Exercise data:
┏━━

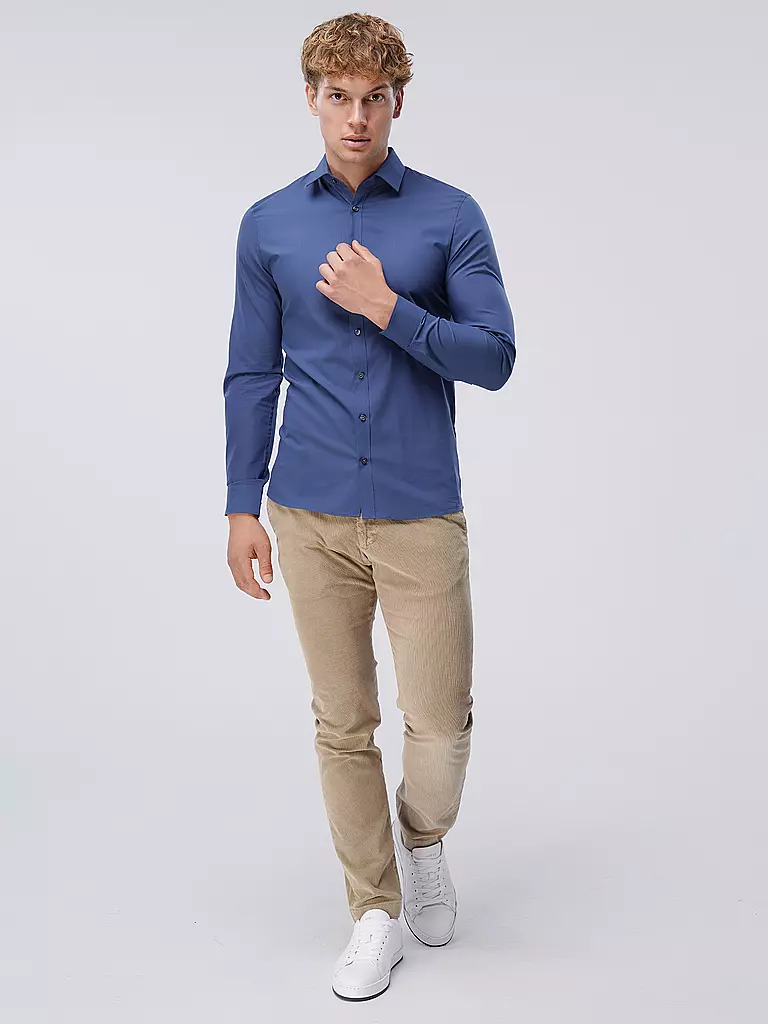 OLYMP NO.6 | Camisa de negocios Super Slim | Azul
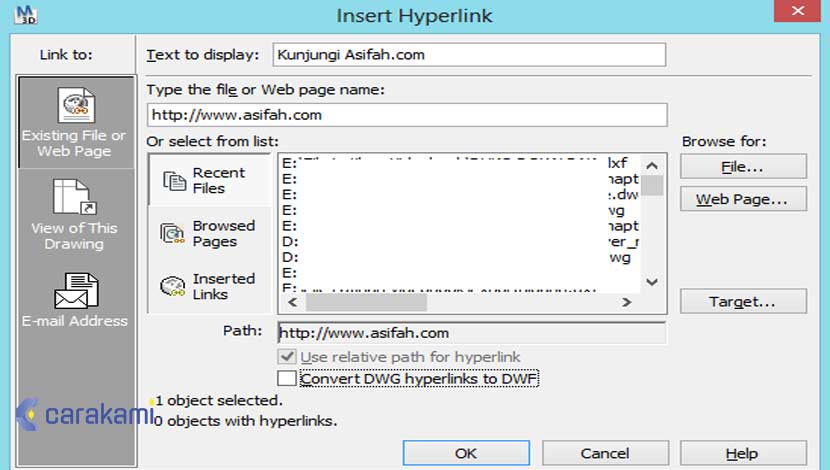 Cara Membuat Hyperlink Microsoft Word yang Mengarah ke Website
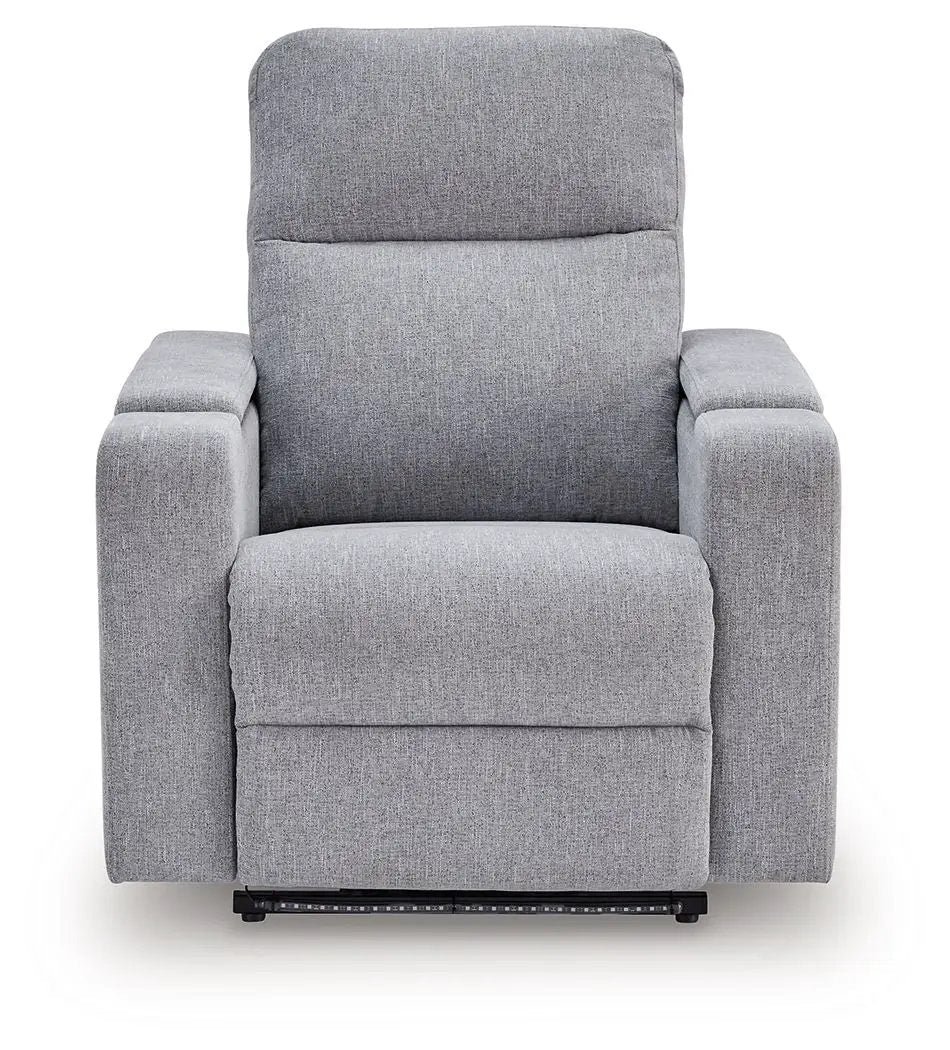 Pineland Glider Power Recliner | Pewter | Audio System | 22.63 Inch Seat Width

┗━━

Work request: What you return must match the material above exactly, minus its pictures.

Solution to this exercise:
 OLYMP NO.6 | Camisa de negocios Super Slim | Azul
 Cara Membuat Hyperlink Microsoft Word yang Mengarah ke Website
 Pineland Glider Power Recliner | Pewter | Audio System | 22.63 Inch Seat Width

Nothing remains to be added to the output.